Dr. Samuel B. Hoff is George Washington Distinguished Professor Emeritus of History and Political Science at Delaware State University. He has taught and published extensively on the presidency and constitutional issues.
The pocket veto, permitting the American president to negate a bill or joint resolution received less than 10 days before a congressional adjournment by not returning the legislation for action, has been referred to as a limited absolute veto. Its inclusion in the Constitution emanates from both not wanting to repeat the all-powerful veto possessed by Colonial governors and not wanting to render the newly created chief executive impotent.

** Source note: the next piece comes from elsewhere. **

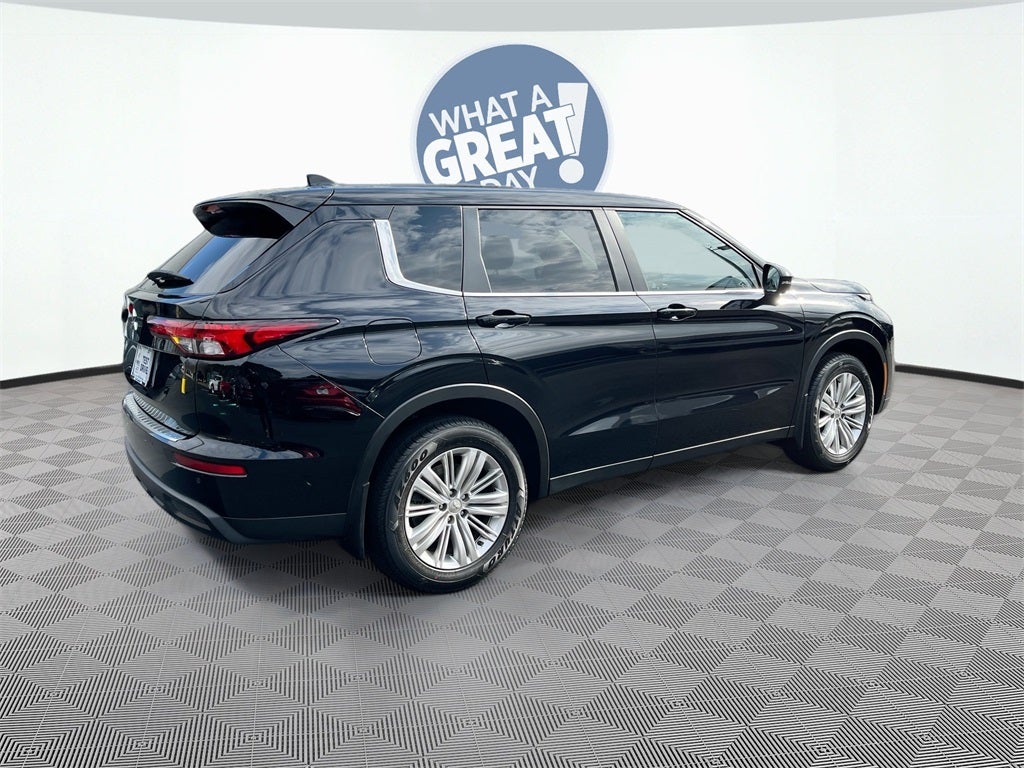 2024 Mitsubishi Outlander ES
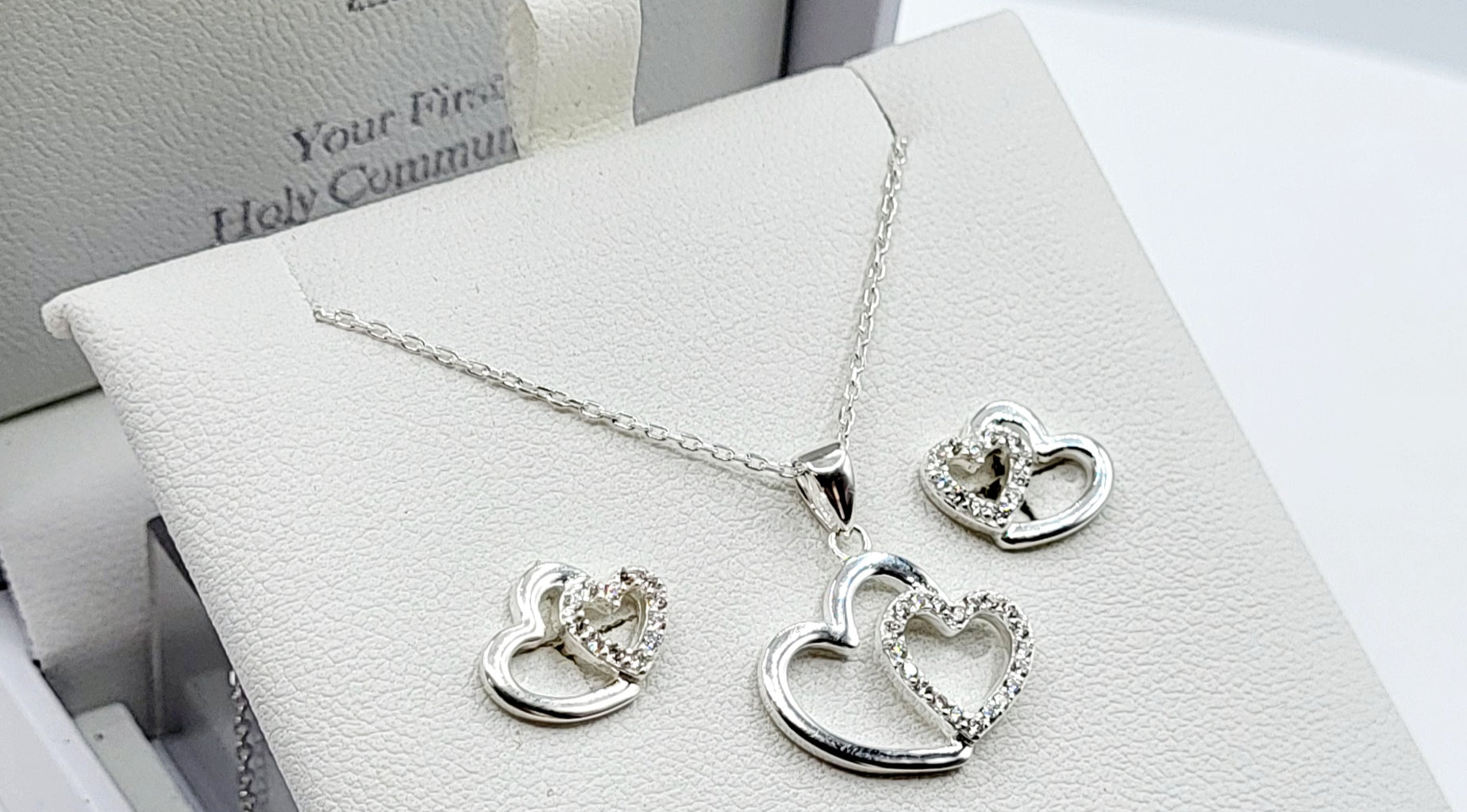 White keepsake gift box containing double heart pendant & earrings – First Holy Communion gift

Of the nearly 2,600 presidential vetoes across American constitutional history, 1,066, comprising 41% of the total, have been issued through pocket veto means. Although the tool took time to gain favor — only nine of the first 14 presidents employed it at all and it was utilized only 15 total times through the Franklin Pierce administration — every subsequent chief executive through Bill Clinton save James Garfield applied the pocket veto at least once, and some like Grover Cleveland, Franklin Roosevelt and Dwight Eisenhower, more than 100 times. But none since President Clinton’s single pocket veto, that of the Bankruptcy Reform Act of 2000, in December 2000. Why?

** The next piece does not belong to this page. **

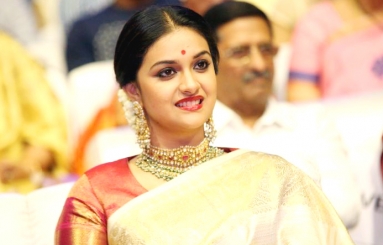 Keerthy-Suresh-At-Mahanati-Audio-Launch-09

For one, we can track whether a more-friendly partisan composition in Congress has anything to do with the decline in pocket veto use. Logically, presidents should not need to use such a tool against a majority of their own party (Don’t tell that to FDR). However, the findings there don’t support such a phenomenon. In fact, since the beginning of the George W. Bush administration in January 2001, presidents have faced a split-or-opposite-party-controlled Congress for 16 of 24 years, or twice as long as they enjoyed a Congress controlled by their own party. One would think that the pocket veto would be a valuable part of the arsenal, but not so.

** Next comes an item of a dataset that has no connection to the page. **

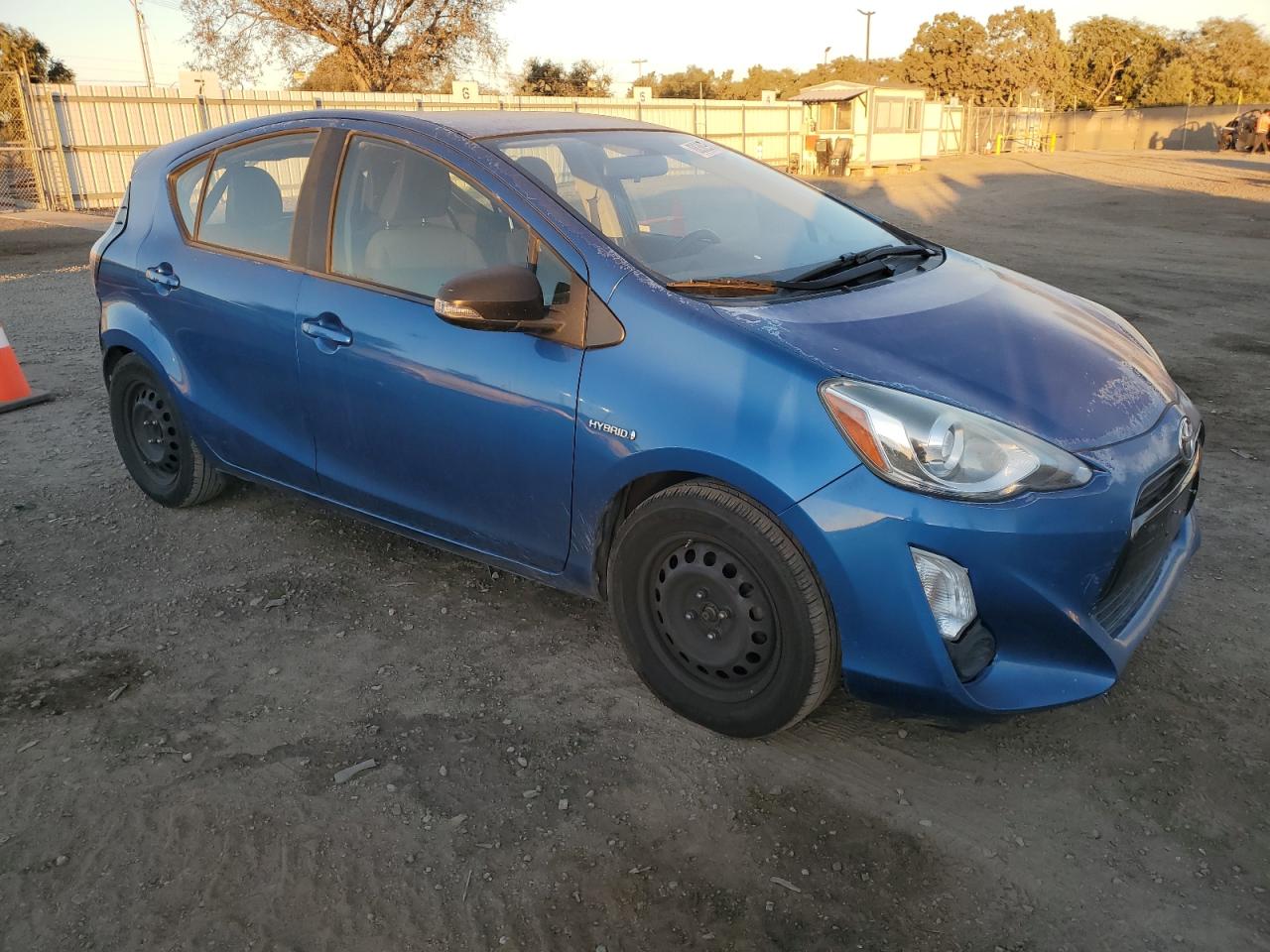 VIN JTDKDTB38F1111744 2015 TOYOTA PRIUS no.4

Next, we should assess the productivity of various Congresses since Bill Clinton’s exit from the White House, under the assumption that fewer public laws means reduced opportunity for disagreement, hence lower likelihood for utilization of pocket vetoes. Here, we discover inconsistent findings. While the number of public laws averaged more than 600 per Congress since the Richard Nixon years, it tumbled to an average of 443 public laws passed each Congress during the Clinton presidency.
Then Congress upped its two-year average to 454 when George W. Bush held the White House, but the average number of public laws per Congress was just 322 and 393 over the Barack Obama and Donald Trump presidencies, respectively.
Another variable which may be used to explain pocket veto use is unemployment average over an entire administration. High unemployment creates friction between branches of American national government, so low unemployment should do the opposite and stymie pocket veto use.
Unemployment averaged 5.17% for Bill Clinton. Because the average unemployment rate for the next two presidents after Clinton increased — George W. Bush at 5.31 and Barack Obama at 7.44 — it should have led to more pocket vetoes, not fewer, although the rate did decrease for Donald Trump to 5.04. Still, zero pocket vetoes.
Going further, pocket veto employment has elicited a plethora of legal controversies, with the main disagreement over whether the president can issue a pocket veto during a short recess of Congress or at the end of the first year in a two-year session. Perhaps presidents have been worn out by the court challenges. There is some support for that proposition: two of three U.S. Supreme Court rulings since 1929 on the pocket veto have gone against the president, as have two of three U.S. District Court holdings and two U.S. Court of Appeals decisions. However, the last major legal challenge to the pocket veto happened when Ronald Reagan was in the White House.
Could there have been something unique about the Bill Clinton’s only pocket veto in 2000 and the last one issued by an American president? The legislative record does not point to a process which would have convinced subsequent presidents to forgo using the pocket veto ever again. The bill at stake was controversial, as it sought to limit state laws protecting borrowers from creditors. The Clinton White House clearly signaled its intention to veto the bill. Ultimately, it took too long between House and Senate passage, and Congress adjourned in a time frame which allowed the pocket veto to occur.
Finally, we are left with the proposition that presidents may have replaced constitutional tools like the pocket veto with extra constitutional devices. Talk of the unilateral or unitary presidency has been rampant over the last two decades. Whether it is through mundane ways like executive orders or signing statements, or through more obvious methods such as declaration of emergency powers or national security “findings,” presidents have ignored some of their Article II-imbued authority in favor of quicker and less transparent devices.
Of course, Congress hasn’t just sat around while employment of informal executive powers has increased. Such legislative tactics as permanently staffing during a recess and from one session of a Congress to the next certainly could have contributed to the precipitous decline in pocket veto issuance as well.
Unfortunately, none of the aforementioned explanations is valid on its own to account for the virtual disappearance of presidential pocket veto use.
Even for an aged political scientist — whose job for 40 years has been to find regularities, trends and patterns in political data — there is still some uncertainty and unknown. As with our presidents.